Collected data Start Marker

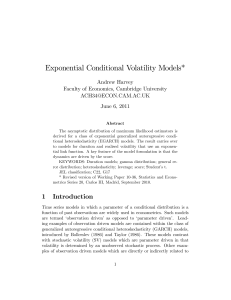 Exponential Conditional Volatility Models* Andrew Harvey Faculty of Economics, Cambridge University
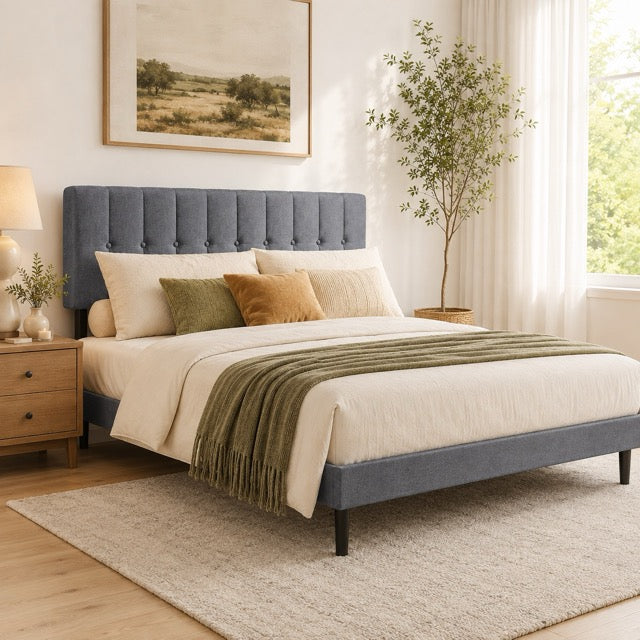 Fabric Upholstered Platform Bed Adjustable Headboard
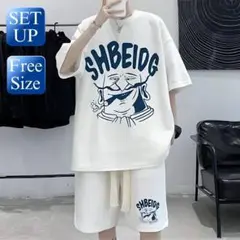 Tシャツ セットアップ メンズ オーバーサイズ 部屋着 半袖 ハーフパンツ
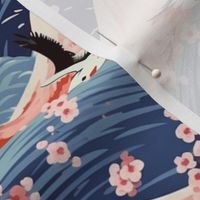 hokusai inspired cherry blossom ocean mountain landscape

Collected data End Marker

Task goal: Except for the pictures, return every line of the material exactly.

Result for this exercise:
 Exponential Conditional Volatility Models* Andrew Harvey Faculty of Economics, Cambridge University
 Fabric Upholstered Platform Bed Adjustable Headboard
 Tシャツ セットアップ メンズ オーバーサイズ 部屋着 半袖 ハーフパンツ
 hokusai inspired cherry blossom ocean mountain landscape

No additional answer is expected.